Block 1, of mass m_1, moves across a frictionless surface with speed u_i. It collides elastically with block 2, of mass m_2, which is at rest (v_i=0). After the collision, block 1 moves with speed u_f, while block 2 moves with speed v_f. Assume that m_1 > m_2, so that after the collision, the two objects move off in the direction of the first object before the collision.
What is the final speed u_f of block 1?
Express u_f in terms of m_1, m_2, and u_i
What is the final speed v_f of block 2?
Express v_f in terms of m_1, m_2, and u_i.
I don't like the nomenclature you gave, so I will make up my own.
In fact, my strategy is necessary such that you DO NOT USE u FOR LABORATORY REFERENCE FRAME velocities.
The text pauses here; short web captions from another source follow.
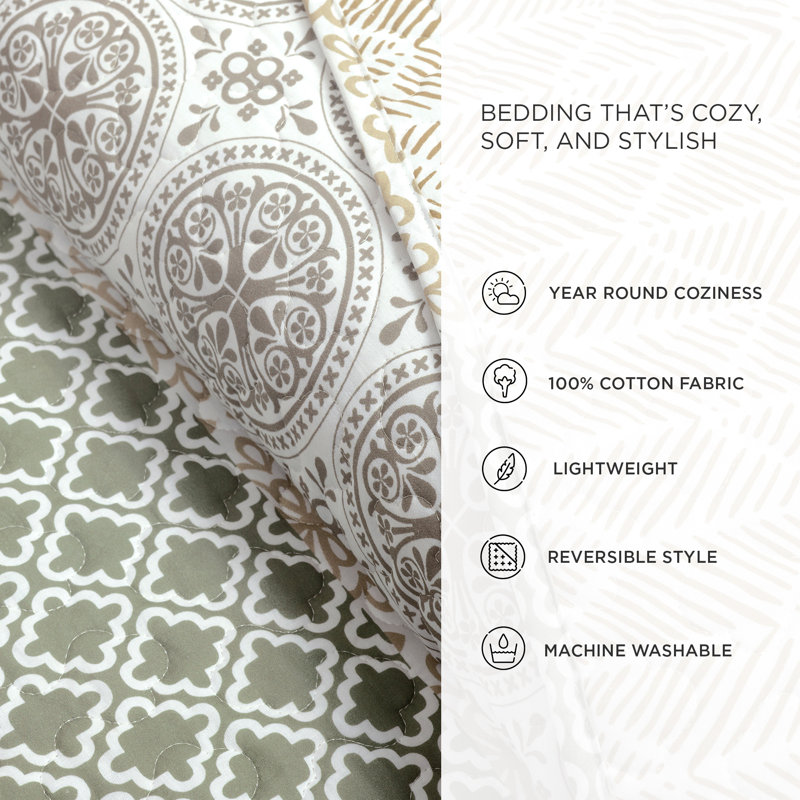 King Neutral Cotton Reversible Bohemian Quilt Set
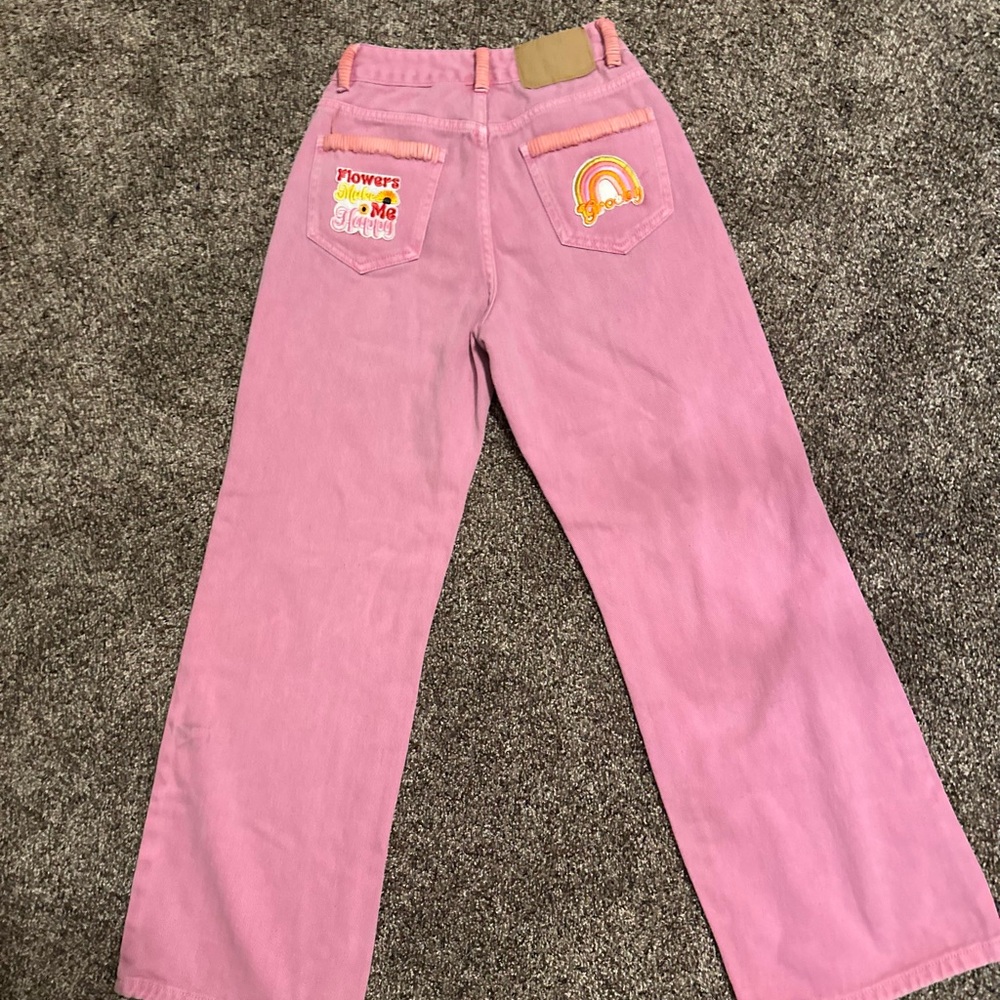 Redhawk Designs Hand Crafted Pink High Rise Jeans w/Fun Patches & Deerskin sz 26 - Picture 2 of 8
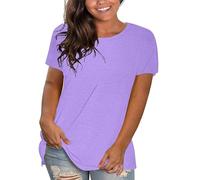 HOOUDO Sale Angebote Damen Casual Einfarbig Baumwolle Tops Rundhals Kurzarm Tops Shirts Lose Shirts T Shirts Casual Lose Tops Tunika Damen Elegant Oversize Tshirt Damen Top Wei Mein Bestellung Sale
v: laboratory reference frame velocity
u: center of mass reference frame velocity
1: block 1
2: block 2
Since nothing is special about the LRF (other than that we use it to take measurements) we progress to the COMRF. First find the center of mass velocity in LRF:
vcm = (m1*v1i + m2*v2i)/(m1 + m2)
Init velocities in COMRF:
u1i = v1i - vcm
u2i = v2i - vcm
Interesting trick: to avoid the big quadratic formula, simply invert the velocities in the center of mass reference frame. This is the only way to have a collision occur, and conserve both energy and momentum.
u1f = - u1i
u2f = -u2i
Translate back to LRF:
v1f = u1f + vcm
v2f = u2f + vcm
v1f = 2*vcm - v1i
v2f = 2*vcm - v2i
v1f = 2*(m1*v1i + m2*v2i)/(m1 + m2) - v1i
v2f = 2*(m1*v1i + m2*v2i)/(m1 + m2) - v2i
Simplify for special case of v2i=0:
v1f = v1i*(m1 - m2)/(m1 + m2)
v2f = 2*m1*v1i/(m1 + m2)
BECAUSE you asked about speed, and you specified m1>m2, we can answer that as well. Just take magnitudes. Not really anything to do here, because both values will end up positive.